Week 33 - Quiche Lorraine
Since I overcame my hesitation to try a Julia Child recipe, with Week 26's Strawberries and Cream Filled Cornucopias, I decided it was time to tackle another one. This time I made Quiche Lorraine from the 1961 cookbook, "Mastering the Art of French Cooking", by Julia Child, Louisette Bertholle, and Simone Beck. I have heard of Quiche Lorraine but have never had it before. It sounded delicious and not that difficult to make, so with the B-52's song in my head, I decided to jump right in.
The first step was to make and pre-bake the shell for the quiche. The book's instructions for making the shell were quite detailed and took up four pages of instructions. I don't have a quiche pan but the recipe stated that a pan with a removable bottom could be used, so I decided to use my tart pan. The recipe called for sifted flour, butter, shortening and salt and was very easy to make. The consistency was a bit softer and more buttery than traditional pie crust.
Once the dough was made and chilled in the fridge, I rolled it out and lined the tart pan. The recipe instructed to partially bake the shell. To prevent the crust from bubbling up, I lined the shell with foil and pie weights. While the crust was cooling, I moved on to making the filling.
The filling consisted of mainly eggs and cream as well as butter, salt, pepper and nutmeg. After these were mixed together I sautéed diced ham in butter. The original recipe called for lean bacon, but stated that ham could be used as well. Since there was already so much butter and cream I thought that bacon might make the quiche too greasy.
To assemble, I lined the bottom of the crust with the ham and then poured the egg mixture on top and dotted it with butter. At first everything appeared to be okay, but there was apparently a crack in the crust, so the filling started to leak out. I quickly covered the outside of the tart pan with aluminum foil to try and stop the leak as much as possible. Then the entire thing went into the oven.

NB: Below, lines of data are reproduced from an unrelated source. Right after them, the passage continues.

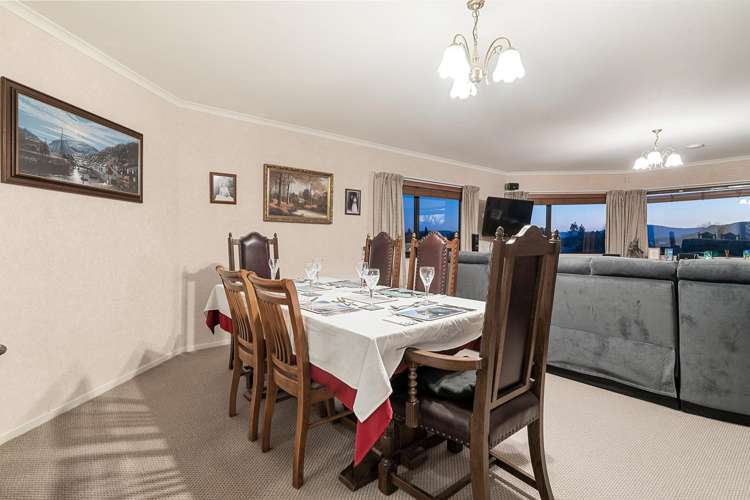 9 Coburg Place Tikitere_11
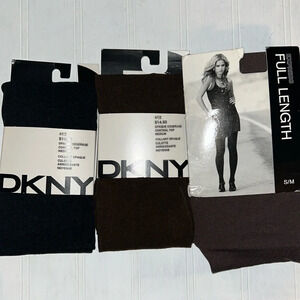 DKNY,HUE,Express WOMENS TIGHTS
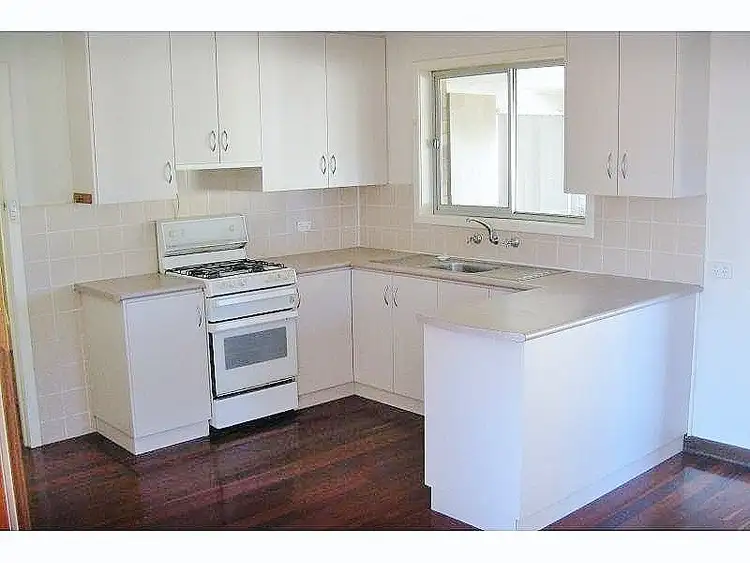 Sixth view of Homely unit listing, 1/29 Hale Street, Eaton WA 6232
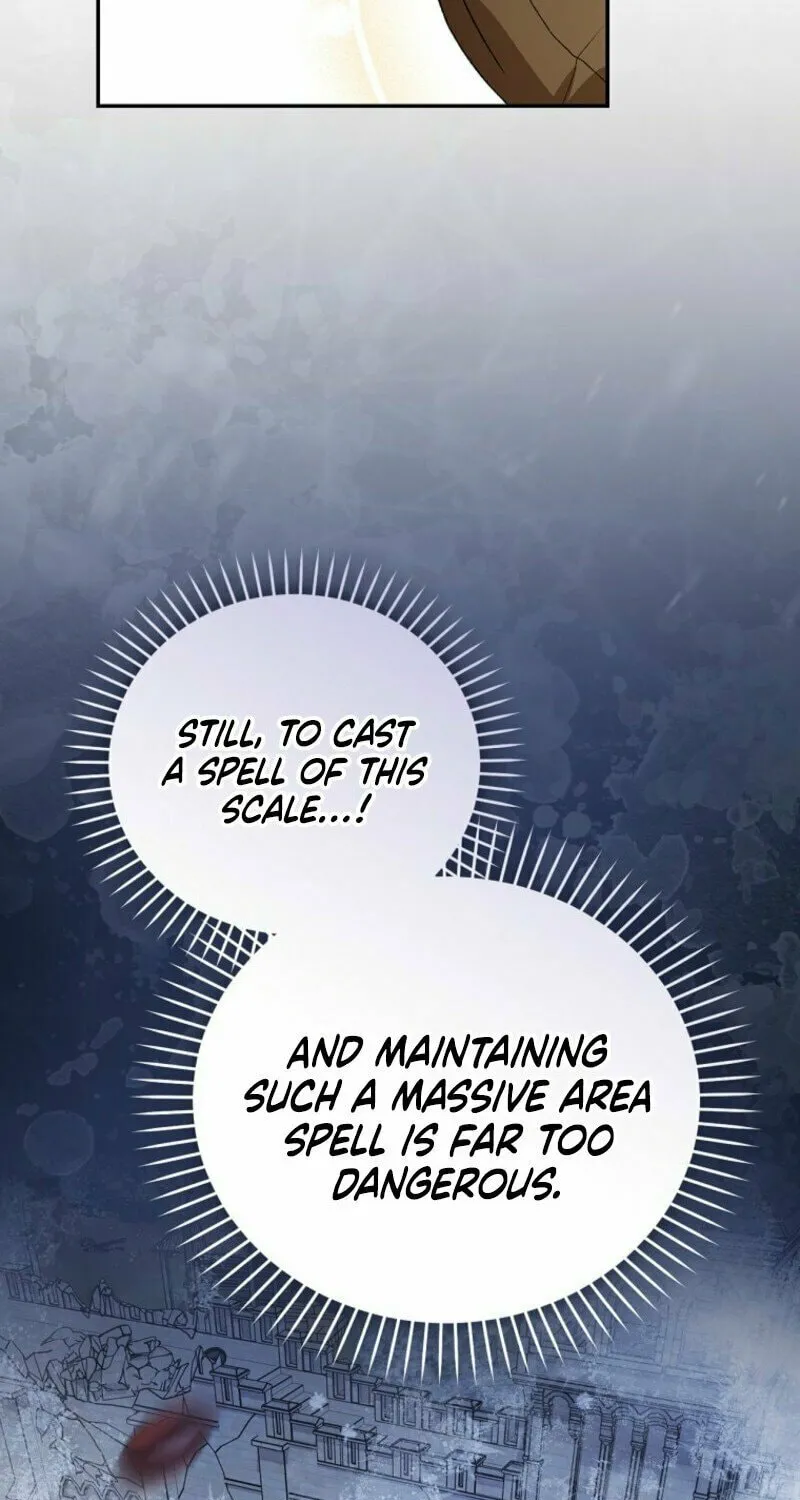 I Was Just Having Fun With the Time Limit Chapter 46 page 62 - 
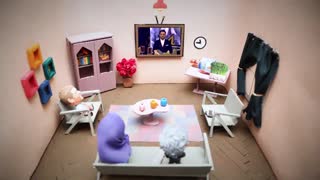 نوروز (بهارنارنج)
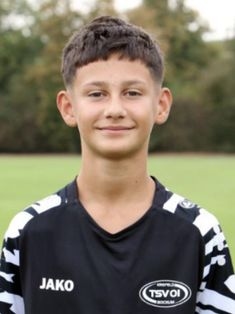 Avatar Bild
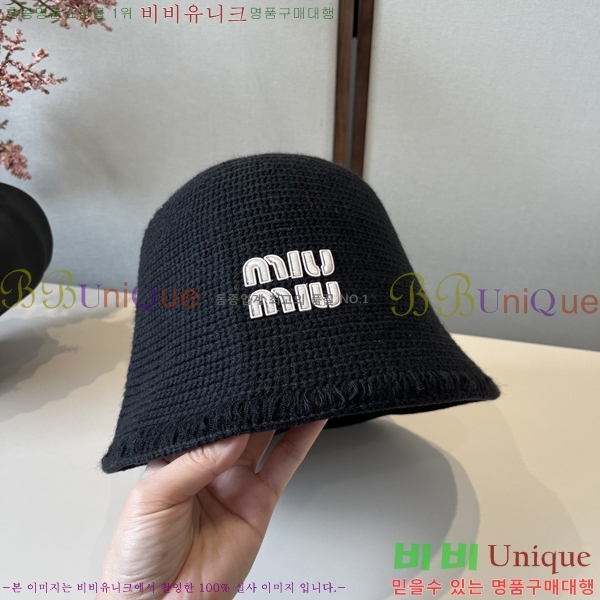 �̿�̿� ���� MU22659-4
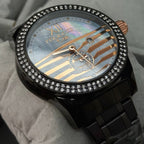 MULCO LUSH UNISEX REF-NA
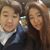 Eunji Jung's profile image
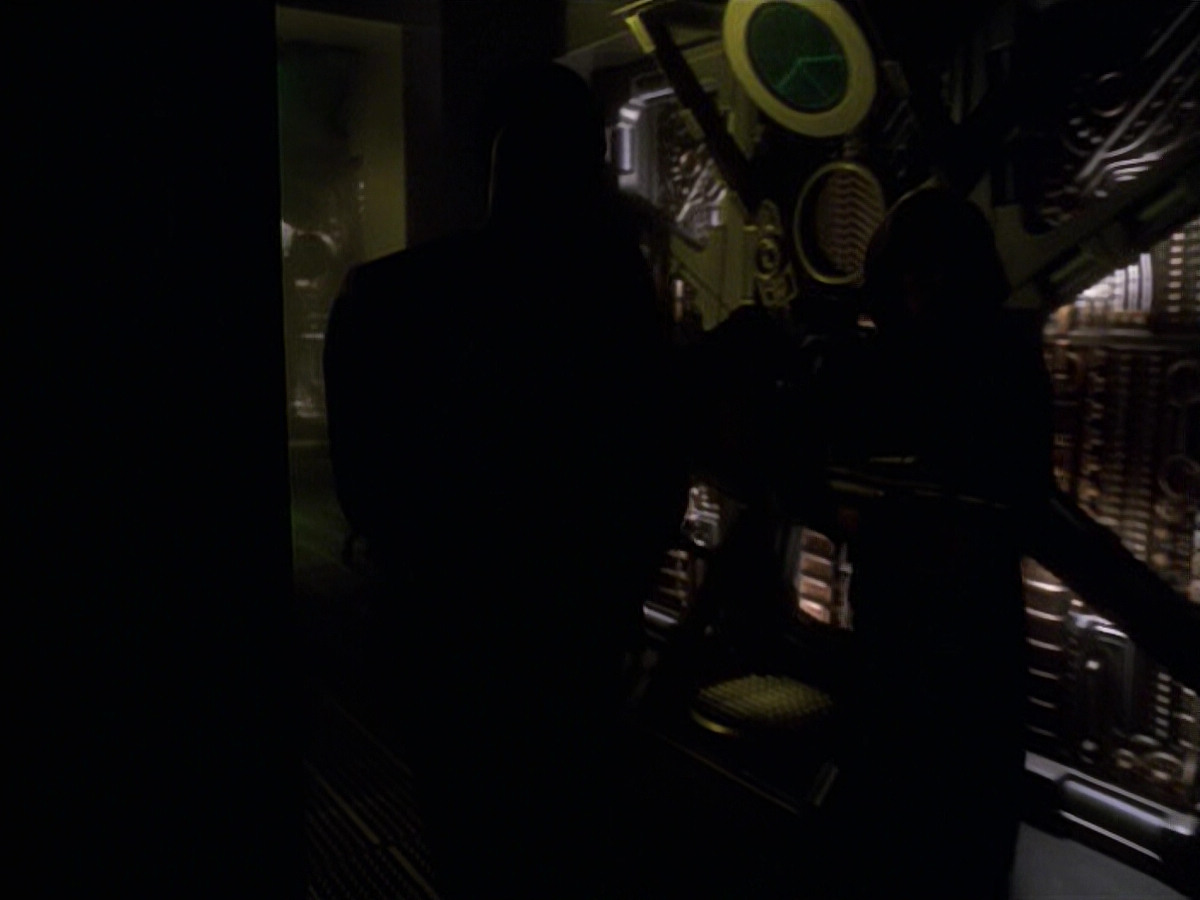 extant_StarTrek_VOY_6x26-UnimatrixZeroPart1_03496.jpg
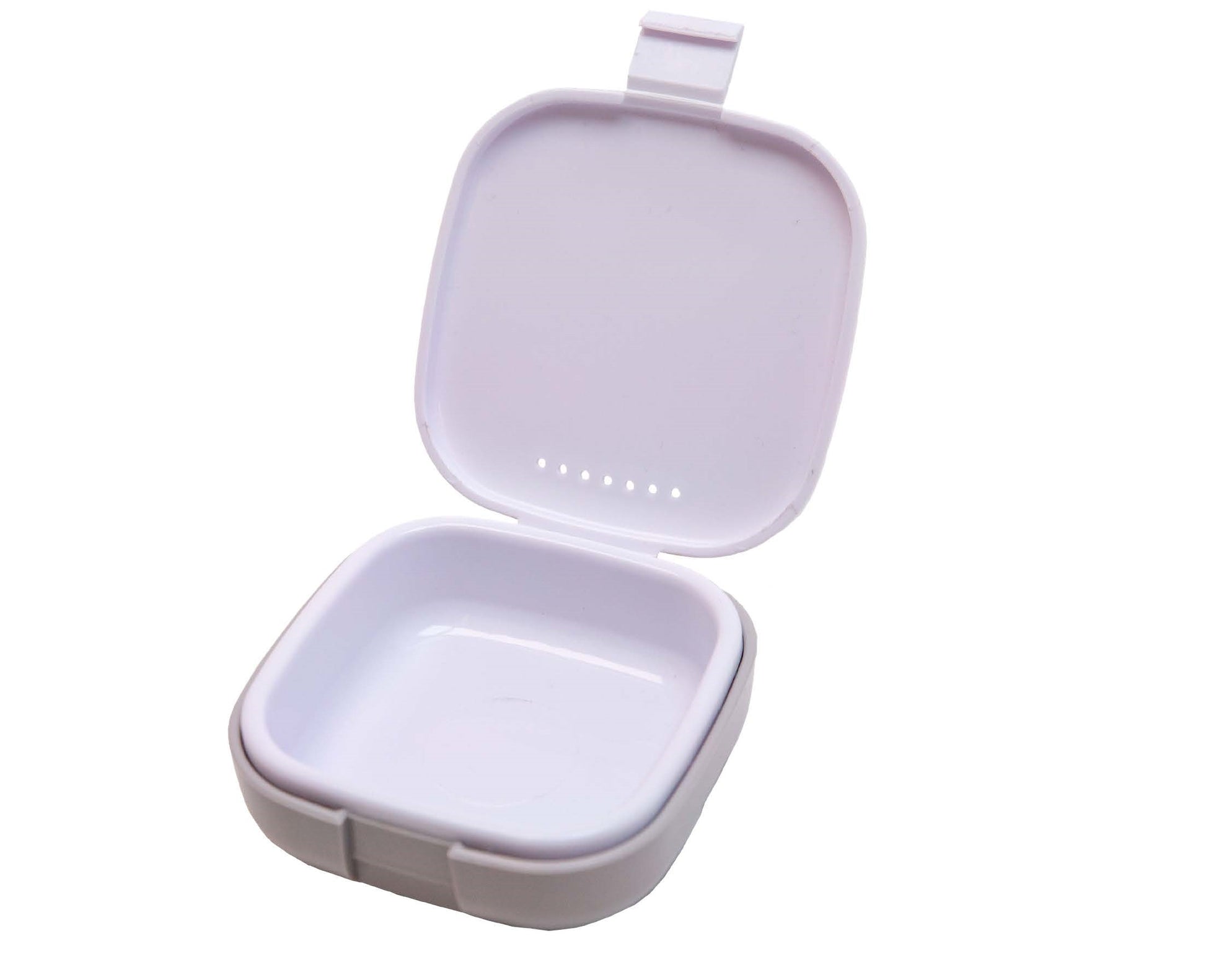 Encase Dental Appliance Case - SleepPro Sleep Solutions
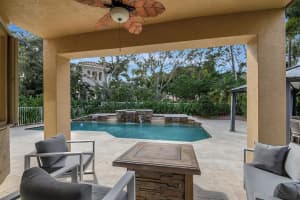 7199 Via Leonardo, Lake Worth, FL 33467 Sold 05/10/24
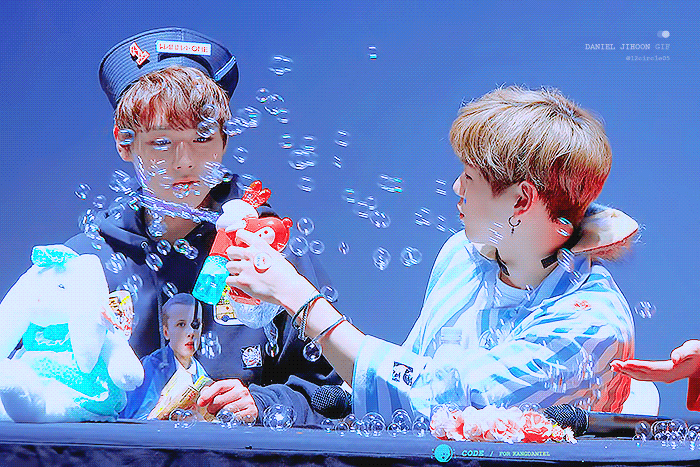 ㄱ 내가 사랑하는 녤윙 모멘트 | 인스티즈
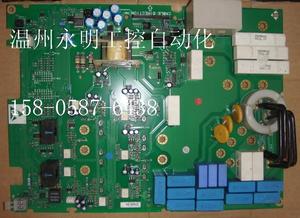 欧陆690P/欧陆650交流变频器 驱动板 触发板AH465279U304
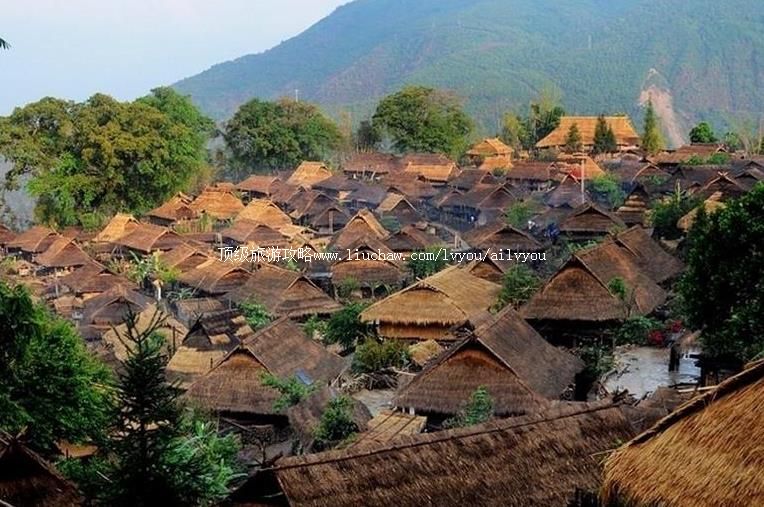 3A���ϲ�Դ�̶������կ���ι���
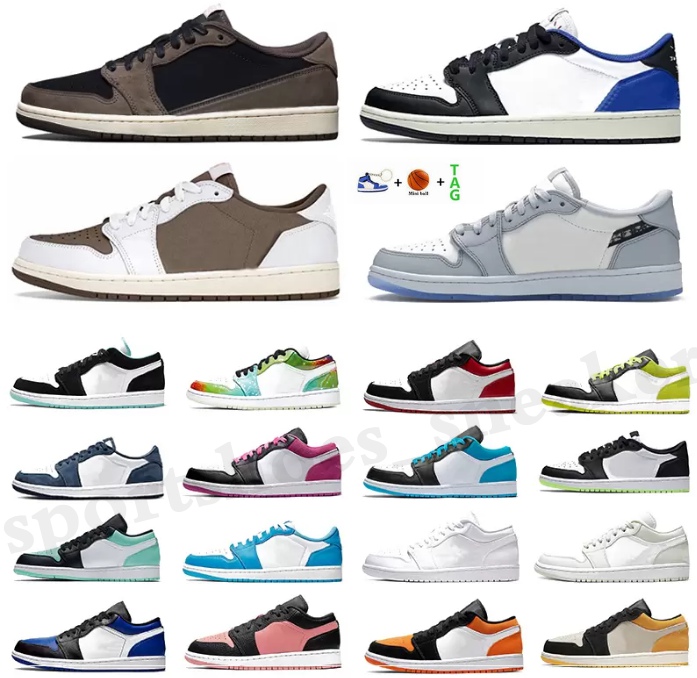 2022 tn plus men women running shoes Black Royal White Mint Green Wolf Grey Pink Fade Psychic Blue Crater Worldwide Nerf mens trainers outdoor sneakers, 25
2022 tn plus men women running shoes Black Royal White Mint Green Wolf Grey Pink Fade Psychic Blue Crater Worldwide Nerf mens trainers outdoor sneakers, 25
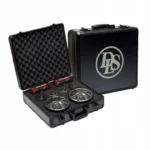 effb4cfef534604b512487670181cfa8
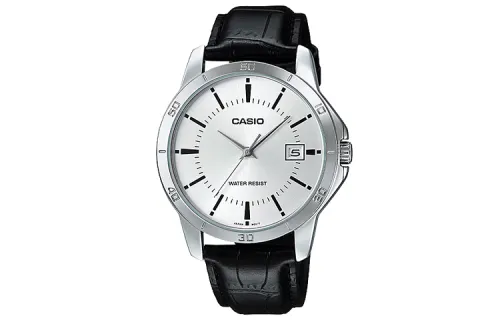 CASIO G Shock MTP V004L 7A
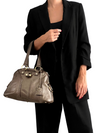 Bolso "Vintage Muse"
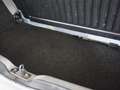 Fiat Panda 1.1i • Garantie 12 mois ✅ Grijs - thumbnail 16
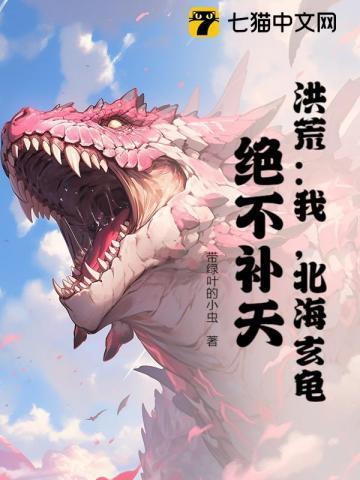 拒绝补天!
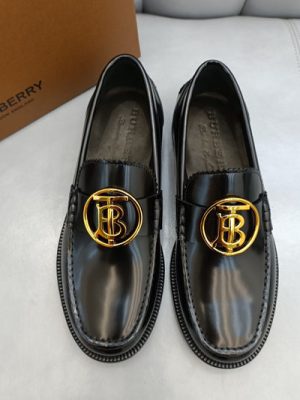 BBR LOAFER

Once it came out of the oven, I served it right away. A fair amount of the filling had leaked out the slices were not as thick as they should have been. Next time I wouldn't use the tart pan but will use a pie pan instead, so this shouldn't happen again.
The quiche was delicious and creamy. I didn't cook the shell long enough, so it was a bit more gummy than I would have liked. Overall we were very happy with it and I plan to try making this again, but with different fillings.
When we had leftovers the next day, I preheated a pizza stone in a 500 degree oven and put the slices on that. After cooking it for a few minutes the crust crisped up very nicely and the previous gumminess was completely gone. The crust was now buttery and delicious and tasted almost like shortbread. I would recommend this method for reheating a quiche in general and especially if the shell is undercooked.
Cookbook: "Mastering the Art of French Cooking", by Julia Child, Louisette Bertholle, and Simone Beck, published in 1961
Recipe: Quiche Lorraine
Alterations: I used ham instead of bacon
Results: Delicious, but a bunch of filling leaked out so the slices weren't as thick as they should have been.